* ACTION ITEM *
What is needed is an exact copy of the records, with the images left out.
··· PROVIDED ENTRIES ···
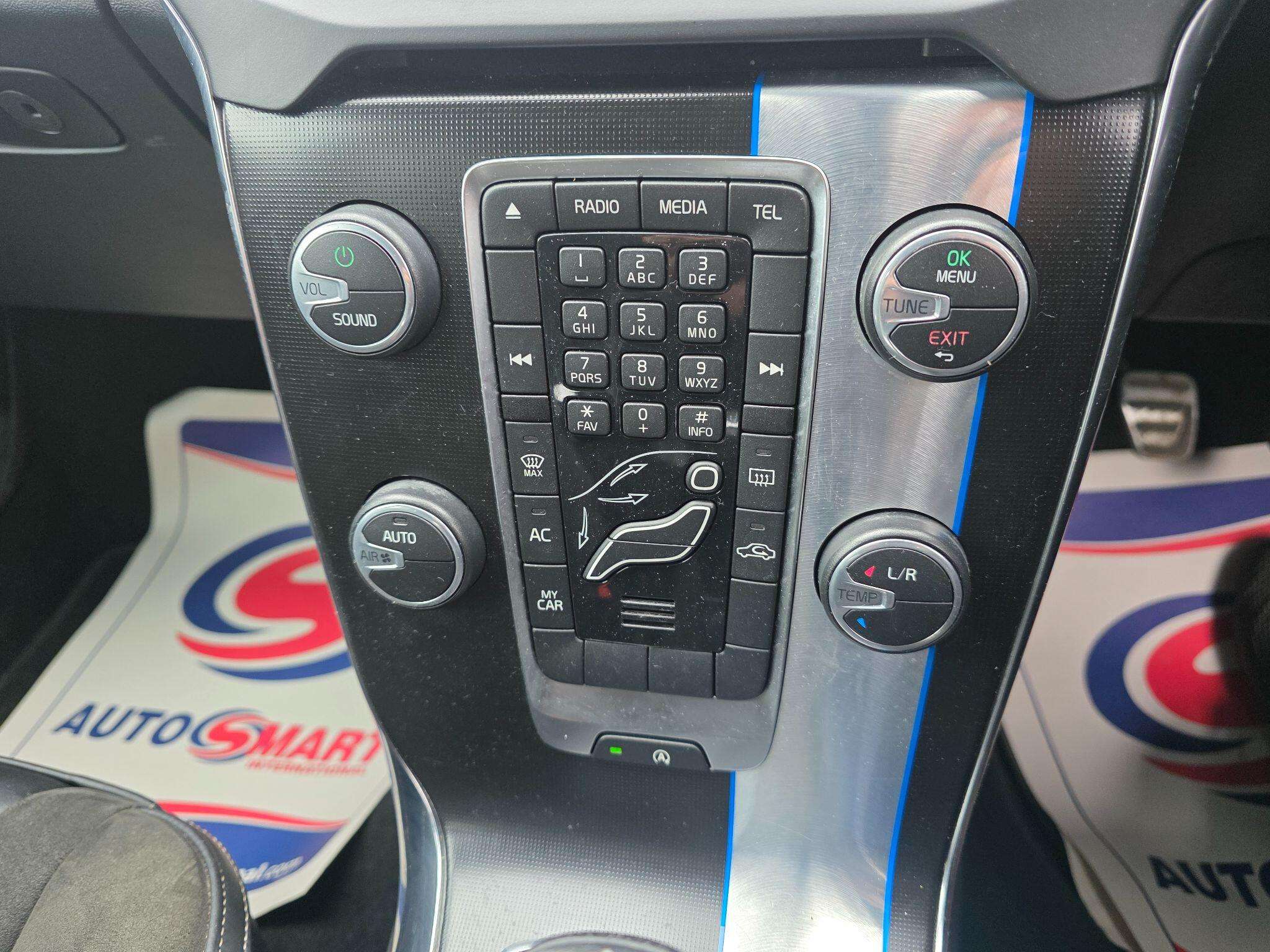 2015 VOLVO V40 2015 VOLVO V40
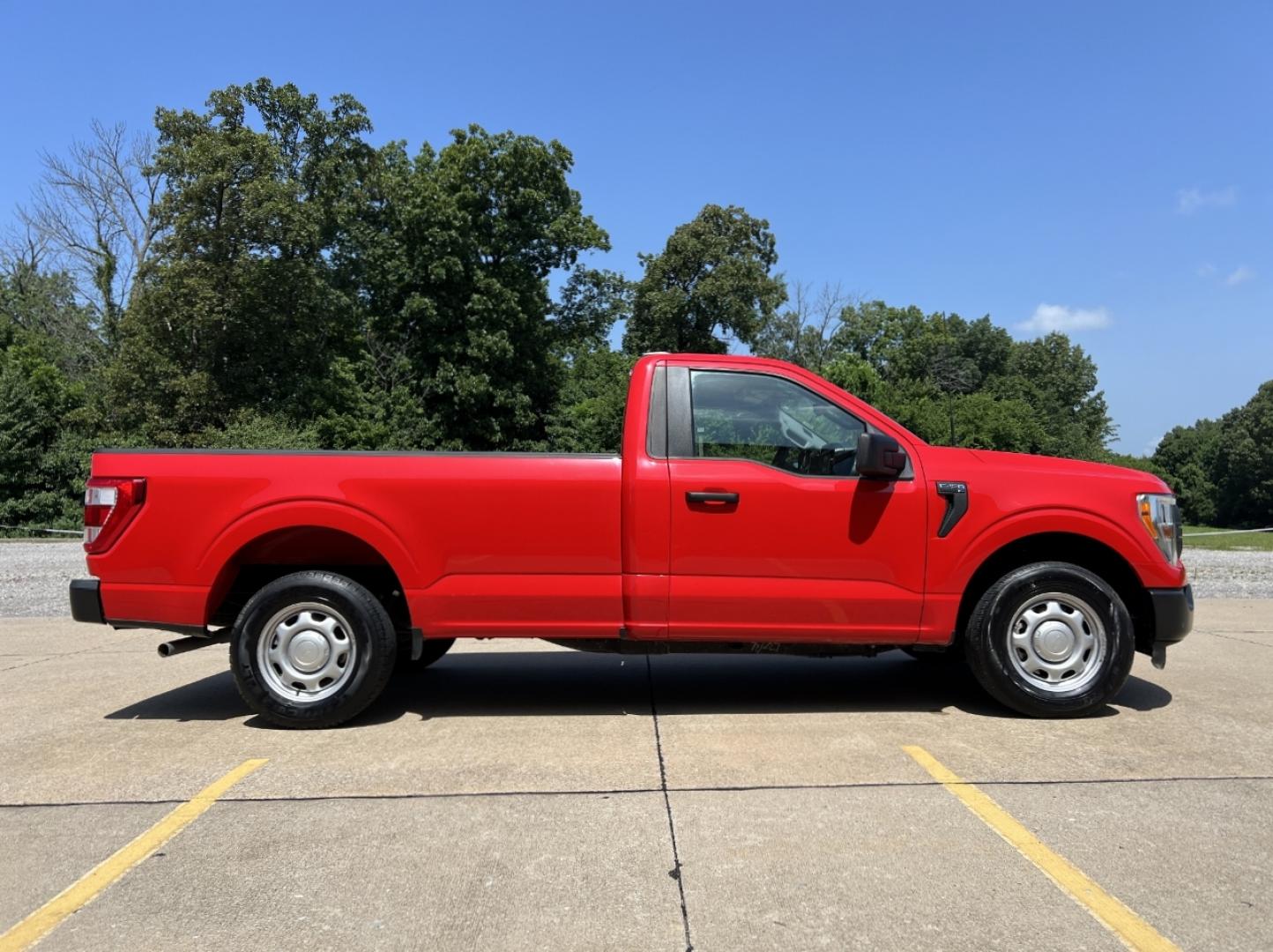 2021 RED /Gray Cloth Ford F-150 XL 6.5-ft. Bed 2WD (1FTMF1CB2MK) with an 3.3L V6 engine, Automatic transmission, located at 2990 Old Orchard Rd., Jackson, MO, 63755, 37.354214, -89.612106 - 2021 Ford F-150 XL 1-Owner 111xxx miles Rear Wheel Drive 3.3L V6 Automatic Backup Camera Bluetooth Cruise Power Windows/Locks/Mirrors We have financing available and we accept trades! Fill out a credit application on our website or come by today! If you have any questions, give us a call - Photo#5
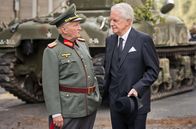Diplomatie – In Volker Schlöndorffs Film "Diplomatie" spielt André Dussolier (re.) den schwedischen Konsul Raoul Nordling und Niels Arestrup (li.) den deutschen General von Choltitz, in dessen Hand als Stadtkommandant das Schicksal von Paris liegt.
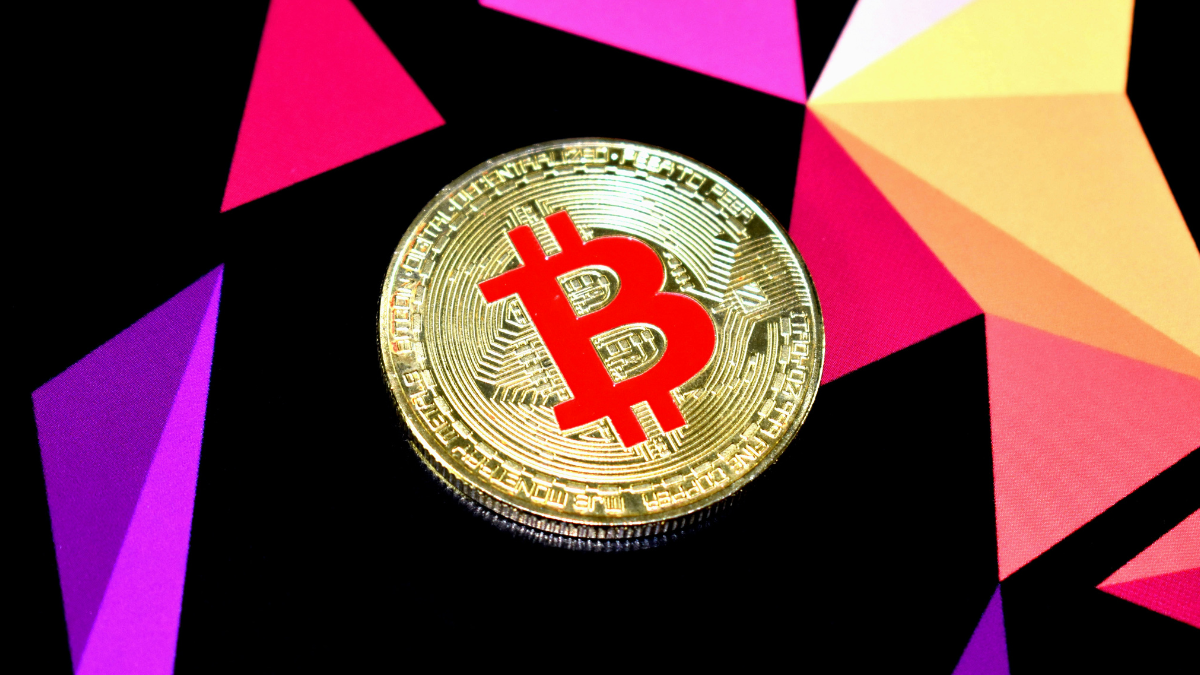 Bitcoin Price Slides to $59,500 as US Fed Signals, Strategy's Turnaround Plans Weigh on Sentiment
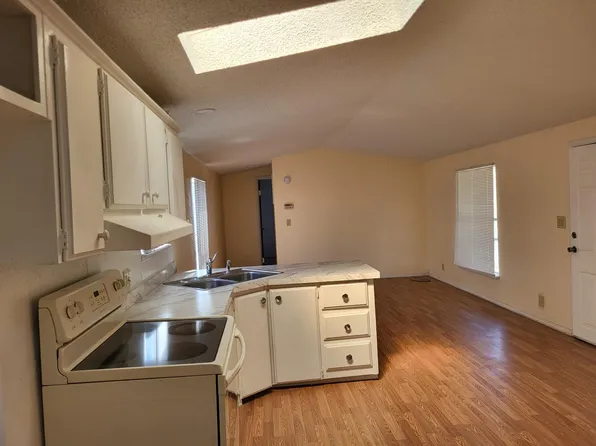 3600 Avenue G Space 109, White City, OR 97503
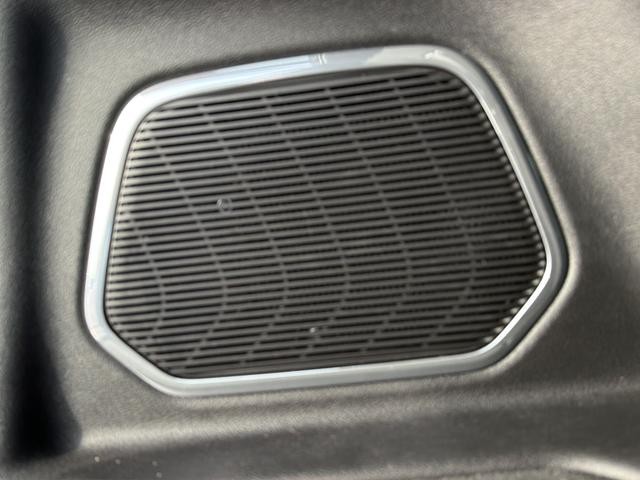 Jeep Grand Cherokee L Vehicle Full-screen Gallery Image 30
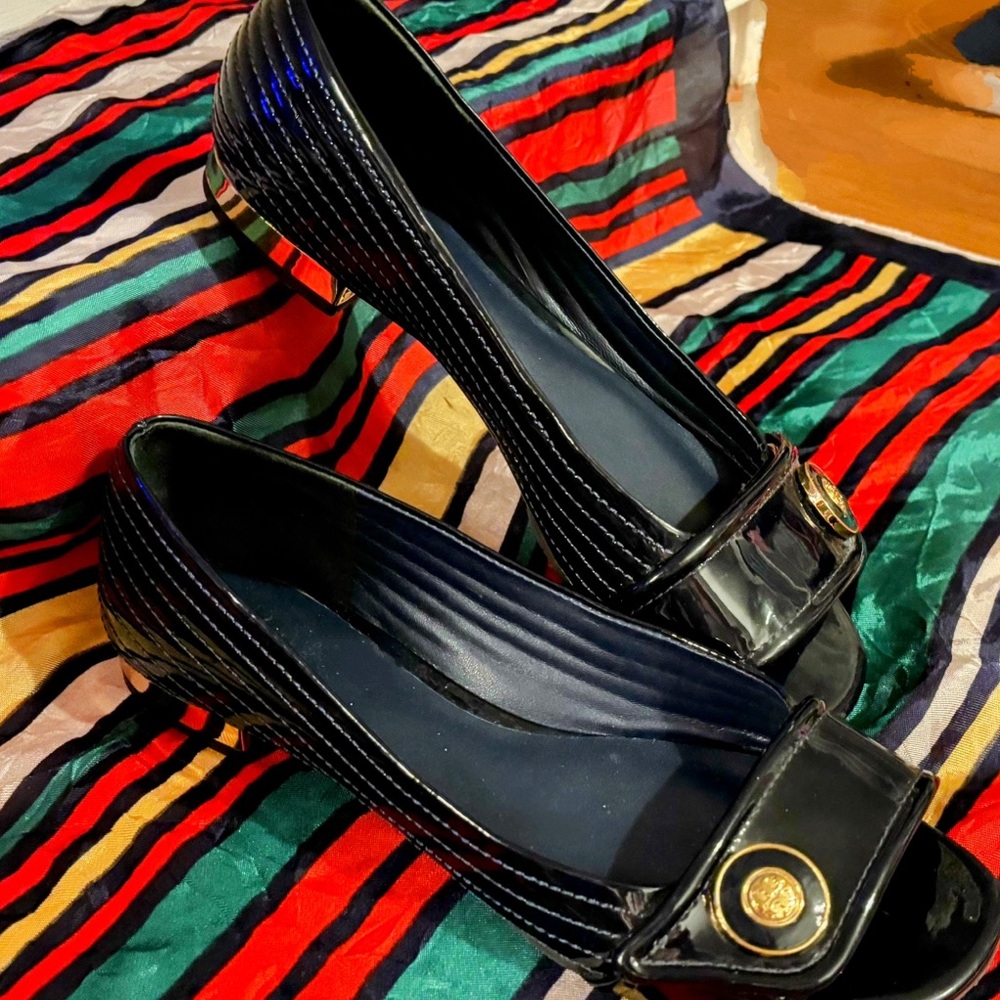 Tori Burch Patent Leather peep toe Flats. - Picture 3 of 3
···
* WRITTEN SOLUTION *
 2015 VOLVO V40 2015 VOLVO V40
 2021 RED /Gray Cloth Ford F-150 XL 6.5-ft. Bed 2WD (1FTMF1CB2MK) with an 3.3L V6 engine, Automatic transmission, located at 2990 Old Orchard Rd., Jackson, MO, 63755, 37.354214, -89.612106 - 2021 Ford F-150 XL 1-Owner 111xxx miles Rear Wheel Drive 3.3L V6 Automatic Backup Camera Bluetooth Cruise Power Windows/Locks/Mirrors We have financing available and we accept trades! Fill out a credit application on our website or come by today! If you have any questions, give us a call - Photo#5
Diplomatie – In Volker Schlöndorffs Film "Diplomatie" spielt André Dussolier (re.) den schwedischen Konsul Raoul Nordling und Niels Arestrup (li.) den deutschen General von Choltitz, in dessen Hand als Stadtkommandant das Schicksal von Paris liegt.
 Bitcoin Price Slides to $59,500 as US Fed Signals, Strategy's Turnaround Plans Weigh on Sentiment
 3600 Avenue G Space 109, White City, OR 97503
 Jeep Grand Cherokee L Vehicle Full-screen Gallery Image 30
 Tori Burch Patent Leather peep toe Flats. - Picture 3 of 3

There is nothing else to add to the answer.